Our son turned one year old a few days after Lennon celebrated his forthieth birthday. A few days after the release of the latest Lennon album. He will now never know Lennon as anything other than a historical figure. He will never grasp how much the world changed after John Lennon entered the public stage when compared to the world before that event. He’ll be able to wear his hair whatever length he chooses, sport a beard, dress in colorful, nontraditional clothes, bluejeans, army jackets, or whatever other choices of personal grooming or accoutrements are important to him without thinking about it. John Lennon made those things possible by breaking down the barriers.

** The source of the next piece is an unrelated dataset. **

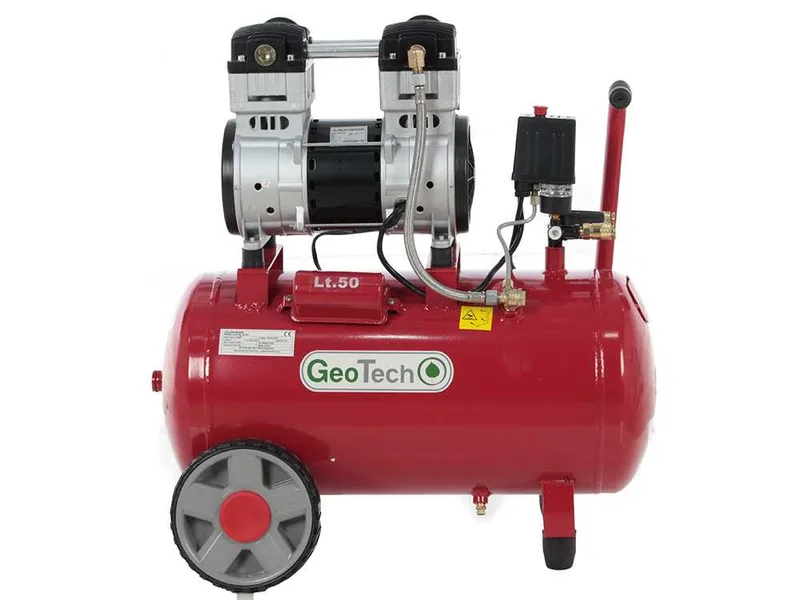 GeoTech S-AC 50-10-15C - Compresseur électrique silencieux 50 L oilless - moteur 1.5 CV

I grew up in the button down fifties, came to age in the era of permanent press. I wore white shirts, skinny single color ties, and earth-tone slacks. We all did. Then the Beatles showed us a new way. Tie dye, paisley, bright colors, bagging bell bottom jeans, anything we cared or dared to wear.

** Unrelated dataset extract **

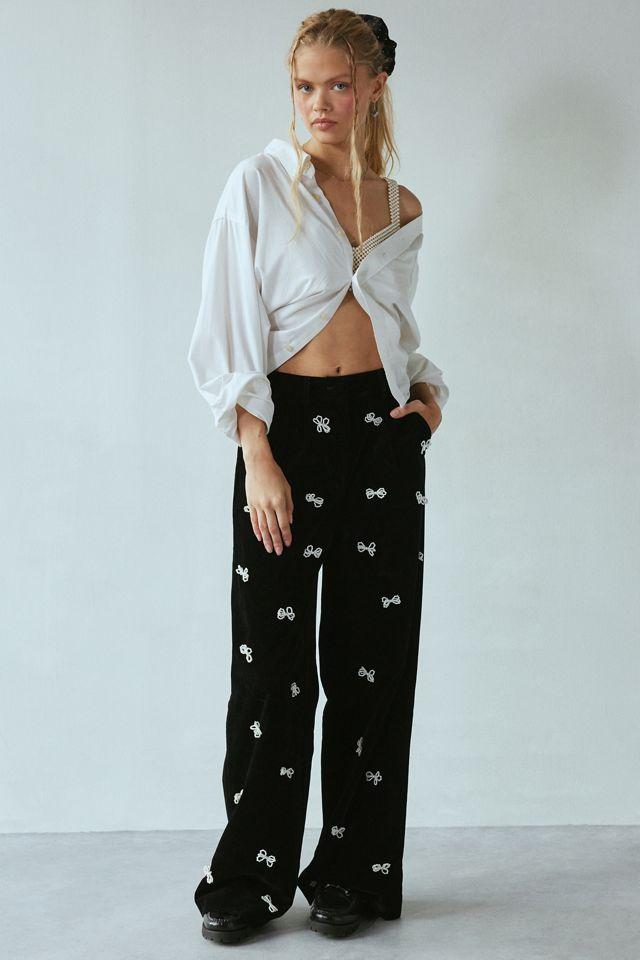 Sister Jane Dream Invitation Velvet Bow Trousers by SISTER JANE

I grew up in an era of boys wearing closely cropped hair, and facial hair was thought to signify decadence or rebellion. The Beatles changed that. They wore their hair in what was described as a mop-top style, long and well groomed. They later wore it even longer and more freeform. They also wore beards, showing the world that there was nothing wrong with expressing oneself through a sense of individuality.

This is the legacy that my son inherits. These are the choices that he has, that he was born with, that I only came to in my twenties, and only because of The Beatles and John Lennon. He will be able to express his opinions about war and peace, the environment, social justice, and all other aspects of the human condition and the political realm without fear of reprisal or being made to feel that he has no right to do so. It’s a legacy of a man who died last night, who my son will never get to know. It’s a legacy that did not die with the man, but one which will live in the hearts and minds of those of us who knew him, or felt we did, through his music and art and individualism. It’s a legacy that will live on into the future of even those who never knew John Lennon, and maybe will not even know about him and his influence. It’s a legacy that did not die on the streets of New York last night. It’s a legacy that will not die as long as one Lennon song is still played, as long as one person speaks up without fear of reprisal, as long as one person feels a sense of their own individuality and expresses it for the world to see.